Kolumne von Henning Krumrey

Mit der Bundestagswahl heißt es für manchen Amtsinhaber: umziehen. Zu vergeben sind derzeit die schönsten Büros der Hauptstadt.

Der Blick ist unbezahlbar – und nicht mal käuflich. Acht Jahre lang hat Angela Merkel diese Perspektive genossen: die große Rasenfläche vor dem Haus, dahinter, mächtig, der Reichstag mit der gläsernen Kuppel und die Schlange der wartenden Demokratietouristen. Und zur Seite der Blick über den Tiergarten bis hin zu den nachts magisch erleuchteten Hochhäusern am Potsdamer Platz. Das Amtszimmer der Kanzlerin ist auch ansonsten das schönste Büro der Stadt und das größte aller Regierungsbauten. Auf 140 Quadratmetern finden Platz: der Designerschreibtisch des Vorgängers, etwas Kunst und jede Menge Aussitzgelegenheiten – ein Besprechungstisch mit acht Stühlen, dazu eine üppige Ledergarnitur vor dem Fenster. Merkel arbeitet lieber an der großen Tafel als am Schreibtisch.
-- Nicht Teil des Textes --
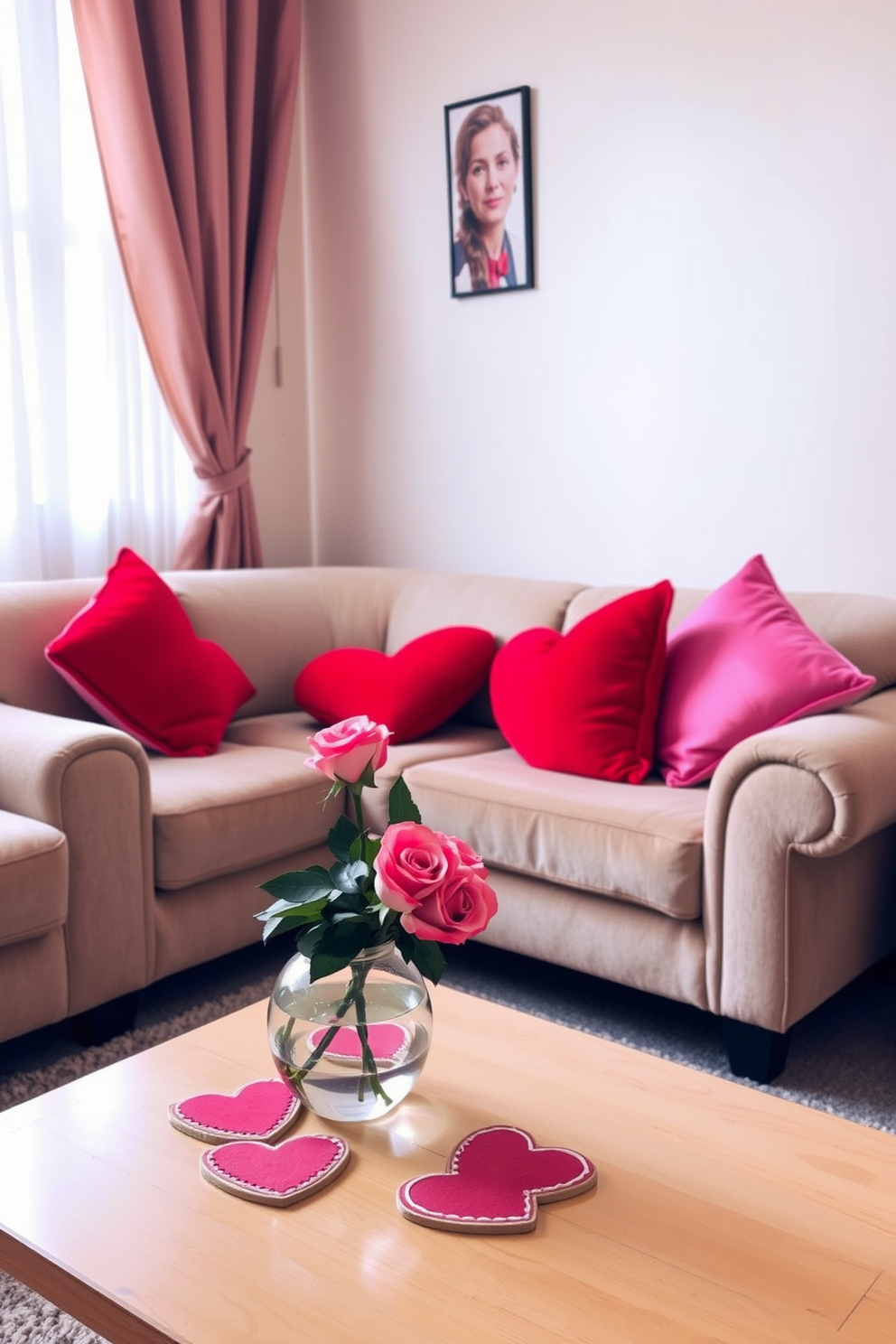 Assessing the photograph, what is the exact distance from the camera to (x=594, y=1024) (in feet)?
8.08

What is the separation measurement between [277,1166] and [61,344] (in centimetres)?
265

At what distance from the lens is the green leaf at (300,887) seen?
51.3 inches

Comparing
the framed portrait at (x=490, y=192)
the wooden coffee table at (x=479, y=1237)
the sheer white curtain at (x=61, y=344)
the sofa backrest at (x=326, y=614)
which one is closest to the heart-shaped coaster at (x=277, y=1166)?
the wooden coffee table at (x=479, y=1237)

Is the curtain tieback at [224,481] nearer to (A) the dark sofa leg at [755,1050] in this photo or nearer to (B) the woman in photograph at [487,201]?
(B) the woman in photograph at [487,201]

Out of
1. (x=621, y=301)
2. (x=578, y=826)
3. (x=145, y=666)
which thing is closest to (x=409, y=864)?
(x=578, y=826)

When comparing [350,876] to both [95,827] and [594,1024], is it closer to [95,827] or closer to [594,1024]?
[95,827]

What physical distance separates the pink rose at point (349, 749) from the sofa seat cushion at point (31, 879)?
96 centimetres

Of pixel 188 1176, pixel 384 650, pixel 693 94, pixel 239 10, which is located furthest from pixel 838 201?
pixel 188 1176

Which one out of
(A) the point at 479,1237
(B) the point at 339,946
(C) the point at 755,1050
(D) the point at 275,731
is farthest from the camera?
(D) the point at 275,731

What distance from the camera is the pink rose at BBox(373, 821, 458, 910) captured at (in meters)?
1.21

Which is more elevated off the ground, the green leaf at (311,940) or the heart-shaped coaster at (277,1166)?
the green leaf at (311,940)

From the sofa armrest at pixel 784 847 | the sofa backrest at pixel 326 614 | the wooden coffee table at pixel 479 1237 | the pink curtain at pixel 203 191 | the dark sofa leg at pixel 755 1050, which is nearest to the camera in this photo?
the wooden coffee table at pixel 479 1237

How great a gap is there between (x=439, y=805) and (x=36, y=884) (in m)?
0.85

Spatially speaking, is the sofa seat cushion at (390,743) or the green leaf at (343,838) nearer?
the green leaf at (343,838) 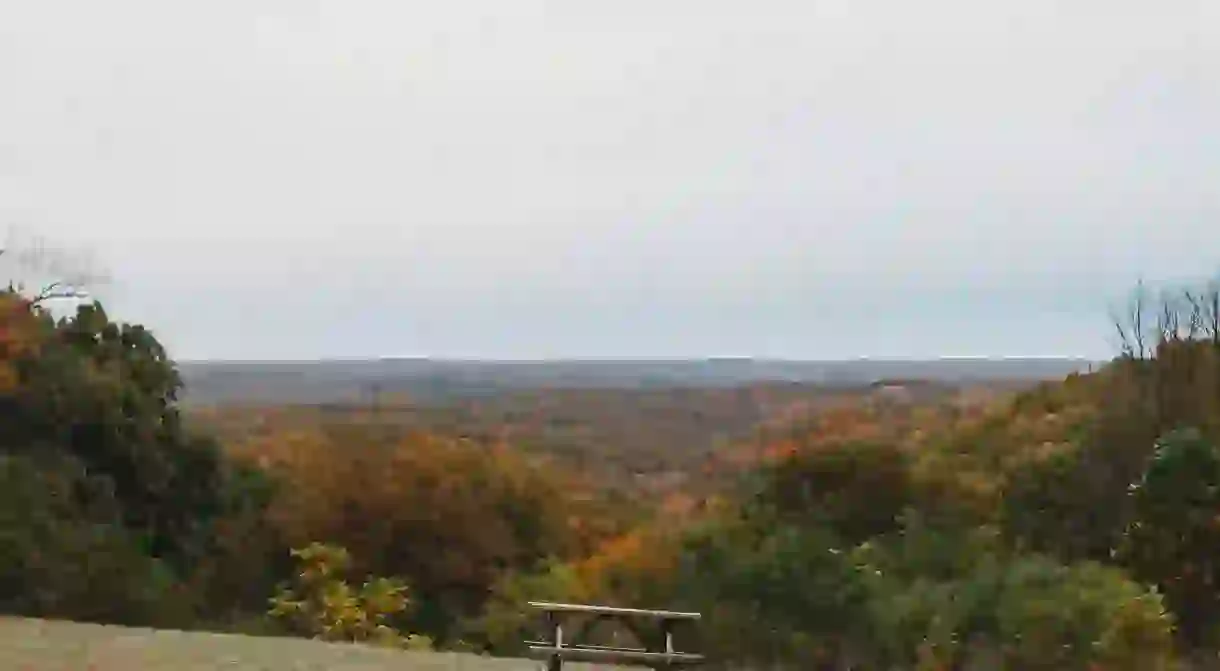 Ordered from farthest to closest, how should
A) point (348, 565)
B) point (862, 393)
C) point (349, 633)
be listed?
point (862, 393), point (348, 565), point (349, 633)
Als wäre es protokollarisch so geregelt, darf sich der aktuelle Vizekanzler auch über die zweitgrößte Bürofläche freuen. 88 Quadratmeter. Im architektonisch pompösesten Gemach residiert der Wirtschaftsminister. Perfekt restaurierte Stuckdecken schmücken den kleinen Saal. Zwei Türen weiter befindet sich die kleine Kemenate, in der sich der junge Familienvater und Berlin-Neuling Philipp Rösler sein Nachtlager einrichtete. Ein Minister auf Montage.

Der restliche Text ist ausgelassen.